In fiscal year 2008, we anticipate that our capital expenditure levels will be about equal with depreciation and amortization, reflecting more normalized IT-related investments and the previously announced spending related to the consolidation of our homecare manufacturing network. Capital expenditures associated with the homecare manufacturing consolidation are anticipated to total about $50 million, with about half of that spending in fiscal year 2008.
With that, I will turn to our fiscal year 2008 financial outlook. As I typically do, I would like to mention several factors you should keep in mind as you consider our updated fiscal year 2008 outlook.
First, let me address our announced restructuring plans. Our previous outlook included pretax charges of $14 million to $18 million, or $0.06 to $0.08 in earnings per diluted share related to the planned consolidation of our homecare manufacturing network. Approximately $5 million to $6 million of these pretax charges are anticipated to be non-cash. We anticipate about half of the total pretax charges will hit the cost of sales line on the income statement, and the other half will be reflected as restructuring charges. We anticipate that these pretax charges will be spread fairly evenly across the quarters.
At our May 24th analyst day in New York, we said we were considering taking additional pretax charges, potentially in the range of $45 million to $55 million. We have now completed our analysis and, as noted in today's press release, we now plan to take additional pretax charges in the range of $35 million to $45 million, or $0.15 to $0.17 in earnings per diluted share. Approximately $30 million to $33 million of these pretax charges are anticipated to be non-cash.

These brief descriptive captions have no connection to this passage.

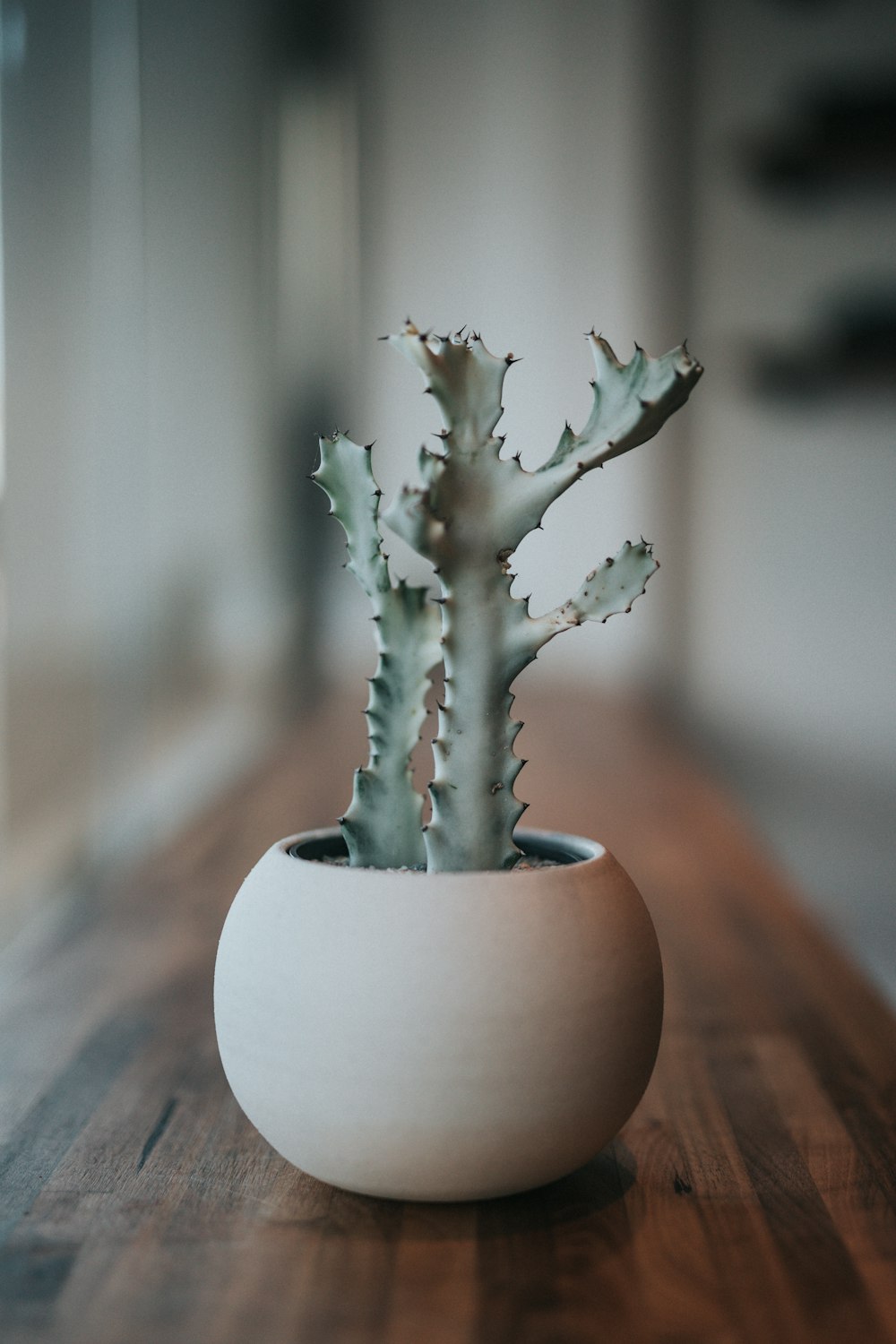 foto in scala di grigi di cactus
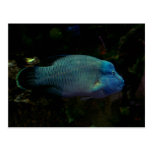 Pescados azules frescos postales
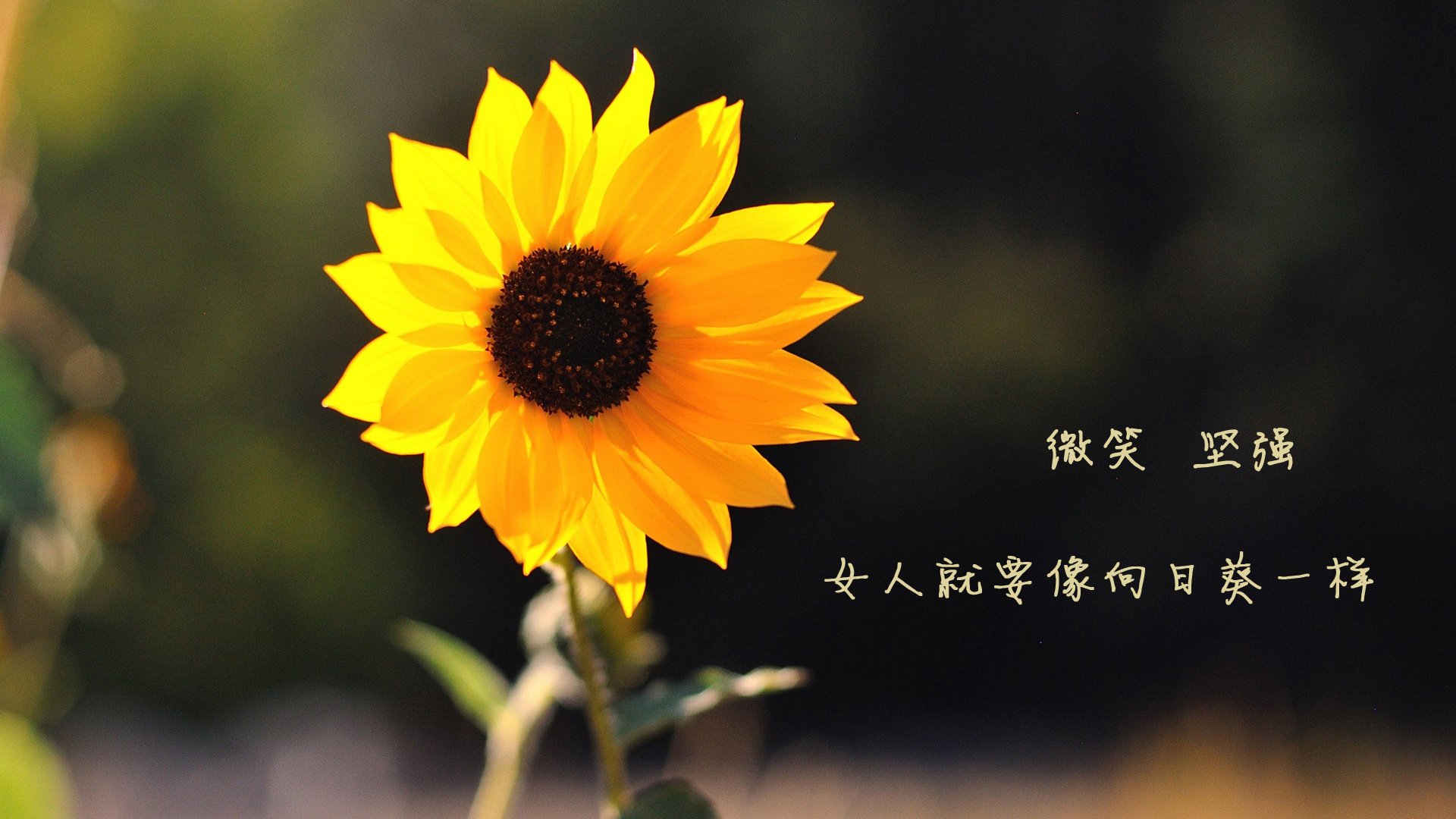 德甲激情碰撞:攻守激情全面爆发!,德甲 集锦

These anticipated charges are primarily related to certain new venture investments we have decided not to pursue in light of our Centennial Strategy and supply chain simplification, primarily in overseas markets. The majority of these charges are expected to be recorded as restructuring charges in the first quarter. Again, these charges are in addition to the $0.06 to $0.08 for consolidating the homecare manufacturing network.
A few other factors to keep in mind. Fiscal 2007 included about $23 million in pretax charges, or about $0.09 diluted EPS, related to restructuring the Company's information technology activity. We anticipate the impact of the IT restructuring to be about flat in fiscal 2008, that savings from the restructuring are offset by the remaining implementation costs for the project, and a return to more normal levels of systems capability spending. We continue to anticipate the project being accretive in fiscal 2009.
We continue to invest to transition and revitalize the acquired bleach businesses in Canada and Latin America. Collectively, we anticipate these businesses adding just under 1 point of incremental top-line growth in fiscal 2008, on top of the incremental sales we realized in the second half of fiscal 2007.
From a pretax profit perspective, we anticipate that these businesses will be about flat as we invest behind them. We have initiatives plans for fiscal 2008 that we expect will increase margins and top-line growth on these businesses for the long-term.
We anticipate the new product innovation will deliver 1 to 2 points of incremental growth, within our targeted sales growth range of 3% to 5%. The majority of fiscal 2008 new products will be introduced in the second half of the fiscal year.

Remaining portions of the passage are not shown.